**TASK BRIEF**.
Transcribe all of the data exactly. Images stay out.

**DATA SECTION**.
****************************************

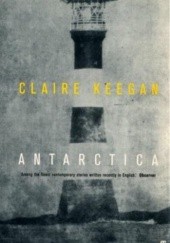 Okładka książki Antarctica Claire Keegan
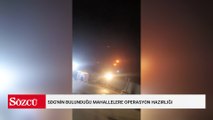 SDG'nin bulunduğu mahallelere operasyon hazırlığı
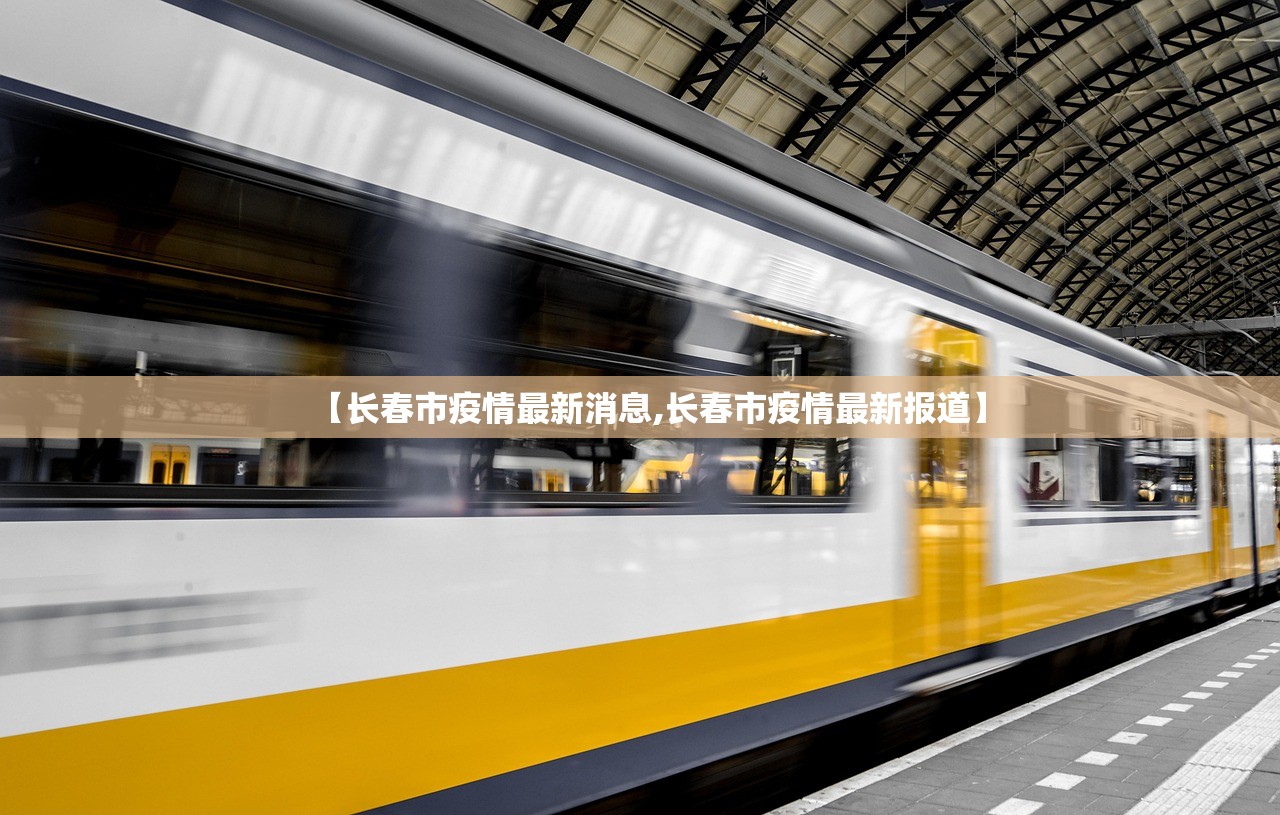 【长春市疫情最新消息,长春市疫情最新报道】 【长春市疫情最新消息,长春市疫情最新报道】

****************************************

**SOLVED PROBLEM**.
 Okładka książki Antarctica Claire Keegan
 SDG'nin bulunduğu mahallelere operasyon hazırlığı
 【长春市疫情最新消息,长春市疫情最新报道】 【长春市疫情最新消息,长春市疫情最新报道】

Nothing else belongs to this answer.